WHAT THE TASK REQUIRES: Repeat only the stretch of lines below that runs from the line with "Vue éclatée du" through the line with "Maputo: Santa Maria", unaltered.

GIVEN DATA:
======
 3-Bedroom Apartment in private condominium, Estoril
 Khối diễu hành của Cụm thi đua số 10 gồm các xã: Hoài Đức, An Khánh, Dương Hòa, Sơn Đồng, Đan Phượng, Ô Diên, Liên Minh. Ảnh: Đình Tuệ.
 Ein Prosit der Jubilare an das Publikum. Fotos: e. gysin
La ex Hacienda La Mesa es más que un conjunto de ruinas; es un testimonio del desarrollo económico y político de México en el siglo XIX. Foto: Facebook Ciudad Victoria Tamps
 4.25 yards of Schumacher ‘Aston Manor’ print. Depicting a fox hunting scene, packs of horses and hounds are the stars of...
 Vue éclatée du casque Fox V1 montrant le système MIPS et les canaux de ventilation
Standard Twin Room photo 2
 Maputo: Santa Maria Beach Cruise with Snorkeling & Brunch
======
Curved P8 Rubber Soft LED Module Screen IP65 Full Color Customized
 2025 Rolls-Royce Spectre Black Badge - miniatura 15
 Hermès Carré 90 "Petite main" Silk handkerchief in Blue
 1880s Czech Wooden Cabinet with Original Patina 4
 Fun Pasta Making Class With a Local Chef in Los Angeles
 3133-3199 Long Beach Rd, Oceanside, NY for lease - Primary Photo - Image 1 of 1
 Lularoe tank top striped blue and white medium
======
OUTPUT:
 Vue éclatée du casque Fox V1 montrant le système MIPS et les canaux de ventilation
Standard Twin Room photo 2
 Maputo: Santa Maria Beach Cruise with Snorkeling & Brunch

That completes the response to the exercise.